Write all of the entries out again exactly, but not the images.

*** Begin section ***

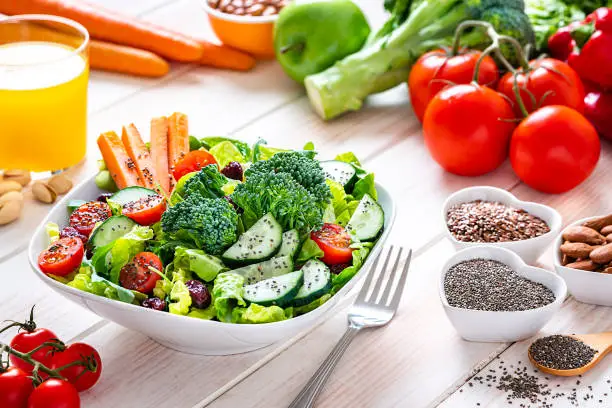 Photo of Vegan food: healthy salad plate on white table.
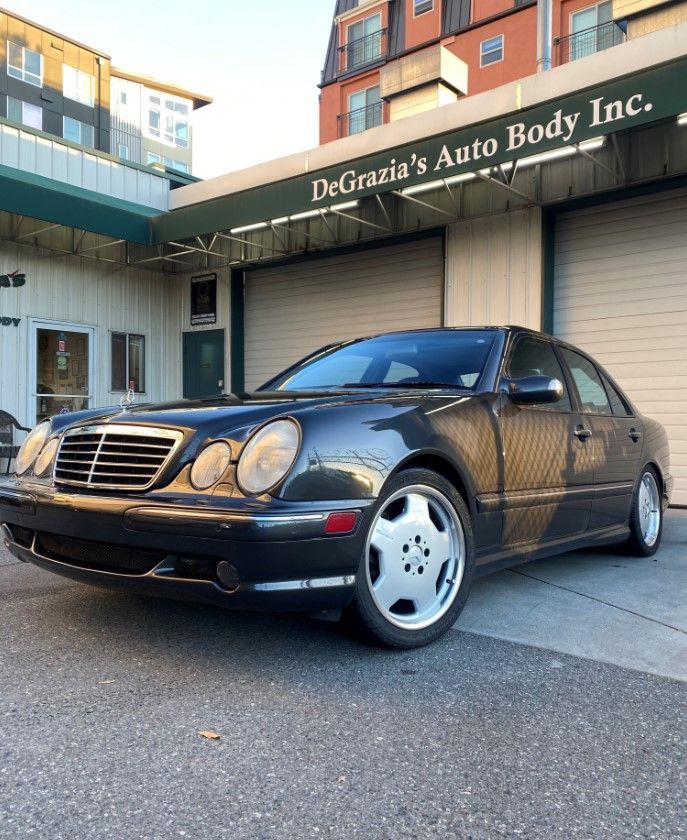 A car is parked in front of Degrazia 's Auto Body Inc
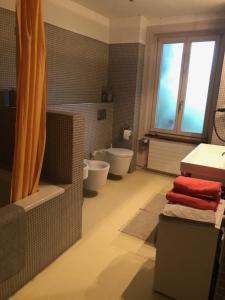 ein Badezimmer mit 2 WCs, einer Badewanne und einem Waschbecken in der Unterkunft B&B Winterthur in Winterthur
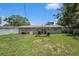 The backyard is a vast lawn with a patio featuring an awning and grill at the rear of the house at 1312 S Evergreen Ave, Clearwater, FL 33756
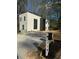 Modern two-story home featuring a concrete driveway and minimalist landscaping at 2719 Winding Ne Ln, Brookhaven, GA 30319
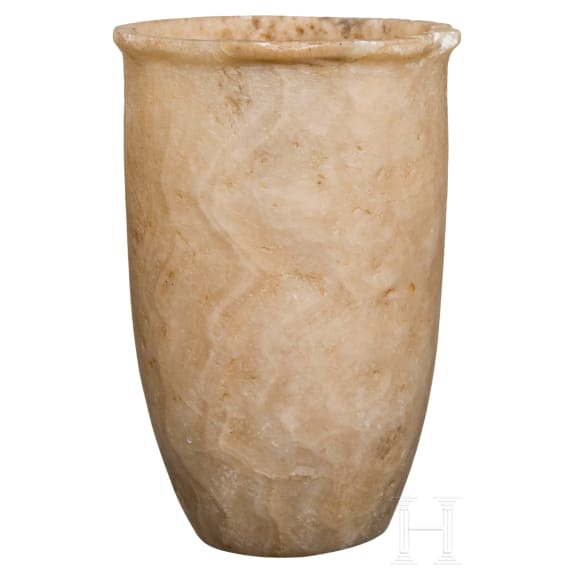 A tall, slender Egyptian alabaster cup, 2nd millennium B.C.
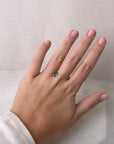 Hand wearing a ring with a green gemstone on a plain background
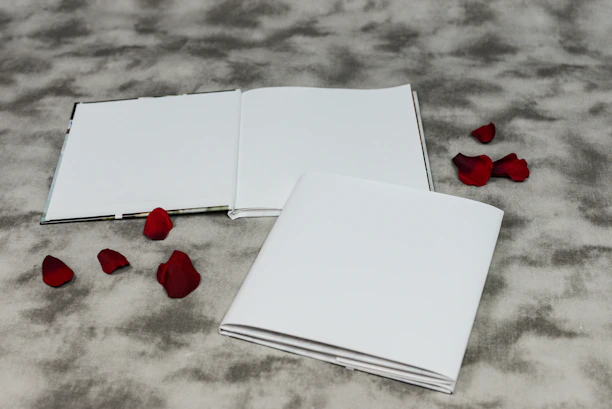 An open and a closed booklet are placed on a textured gray surface. Scattered around the booklets are several red rose petals, adding a touch of color to the composition.
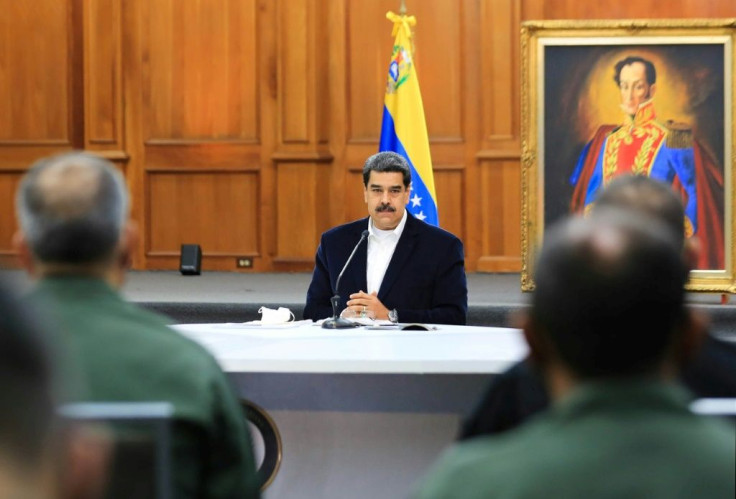 President Nicolas Maduro, shown in a handout picture released by the Venezuelan Presidency speaking to members of the Bolivarian National Armed Forces (FANB), announced that two Americans were arrested for taking part in the failed "invasion"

*** End section ***

**PROBLEM SOLUTION**:
 Photo of Vegan food: healthy salad plate on white table.
 A car is parked in front of Degrazia 's Auto Body Inc
 ein Badezimmer mit 2 WCs, einer Badewanne und einem Waschbecken in der Unterkunft B&B Winterthur in Winterthur
 The backyard is a vast lawn with a patio featuring an awning and grill at the rear of the house at 1312 S Evergreen Ave, Clearwater, FL 33756
 Modern two-story home featuring a concrete driveway and minimalist landscaping at 2719 Winding Ne Ln, Brookhaven, GA 30319
 A tall, slender Egyptian alabaster cup, 2nd millennium B.C.
 Hand wearing a ring with a green gemstone on a plain background
 An open and a closed booklet are placed on a textured gray surface. Scattered around the booklets are several red rose petals, adding a touch of color to the composition.
 President Nicolas Maduro, shown in a handout picture released by the Venezuelan Presidency speaking to members of the Bolivarian National Armed Forces (FANB), announced that two Americans were arrested for taking part in the failed "invasion"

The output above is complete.